На углу Владимирской мы свернули с Невского и направились к Технологическому институту: я хотел проверить рассказы о творившемся там. Несколько окон института со стороны Загородного проспекта пробиты пулями; дырки в стеклах второго этажа виднелись чрезвычайно отчетливо, но их очень немного, не более трех. Против подъезда стояла полурота гвардейской пехоты; из-за стекол закрытого подъезда выглядывали солдатские лица и виднелись штыки. Толпа вокруг стояла значительная; около подъезда и на тротуаре теснилась самая разношерстная публика. Мы сошли с извозчика и вмешались в нее. Один из технологов разъяснил, что в институте заперты под караулом 83 студента и 2 профессора; из окна института была брошена бомба, «никого не убившая и, несомненно, провокаторская». Ночью приезжал в институт Витте для разбора происшедшего, и теперь арестованных держат до «выяснения дела». Около нас, конечно, сейчас же собралась порядочная группа, один — брюнет, довольно посредственно одетый, нечто вроде рабочего, сообщил, будто в путиловцев сегодня опять стреляли.
«Одной рукой дают, другой берут. Вот вам и манифест!» слышались негодующие голоса.
Места, где произошел взрыв бомбы, я не мог найти — никаких следов повреждений мостовой нет, или же оно было занято солдатами. Последние в ответ на бомбу стреляли, но, как я уже говорил, следы пуль на окнах единичны, и из студентов никто не ранен.
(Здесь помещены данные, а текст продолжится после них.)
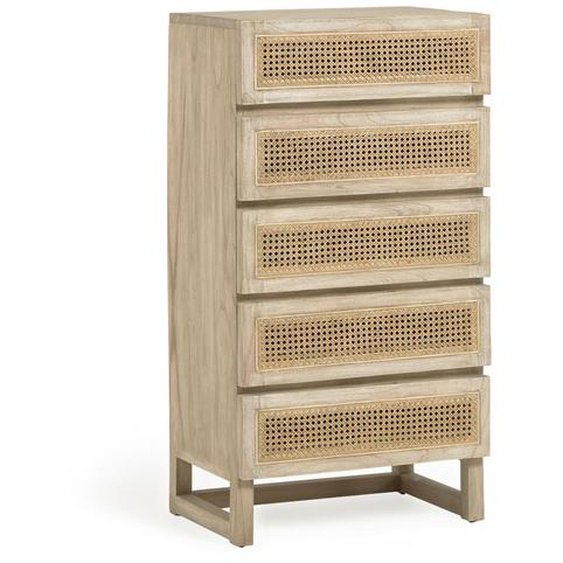 Kave Home - Commode Rexit 5 tiroirs bois et contreplaqué de mindi avec rotin 60 x 113 cm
Окружавшие нас говорили, что у Казанского происходит митинг, на который навалилась «черная сотня», что там идет побоище, и присылали просить помощи.
Мы с женой сели на извозчика и направились туда. Сквозь колоннаду собора увидали двигающиеся по Невскому флаги; их было семь: два белых с черными надписями «Да здравствует свобода и царь» и пять обычных, торговых цветов. За флагами валила огромная толпа любопытных; митингов и драк не не было и следа. Мы вмешались в толпу и последовали за процессией; флаги свернули на Морскую, к Зимнему дворцу и остановились перед средними воротами. Раздалось пение «Спаси Господи люди твоя», затем ура; в воздух полетели шапки, замахали руки, платки. Толпа притиснулась к самым воротам, из-за запертых решетчатых створ чернели косматые шапки гренадер. Толпа, занимавшая все пространство между дворцом и колонной, состояла почти сплошь из простого люда, рабочих, лавочников и т. п. Один полный, бородатый старик плакал, пели от души. Зазвучал гимн, опять «Спаси Господи», ревели «ура» — царь не показывался. Большой он враг себе, царь Николай! Позади, ближе к колонне и дальше, теснились не участвовавшие в демонстрации: там публика была отборнее; окна департаментов, что против дворца, форточки — все было открыто и отовсюду высовывались головы чиновников.
Флаги двинулись наконец влево, к адмиралтейству, но их остановили крики — «Назад, назад»; — в окнах правого выступа дворца показались какие-то фигуры. Грянуло новое ура, опять полетели вверх шапки и толпа, крича: «Бить анархистов! Долой анархистов!» повалила к выступу. На подъезде под ним стояли конногвардейские или кавалергардские офицеры; фигуры дам, принятых за царскую семью, и офицеры скрылись.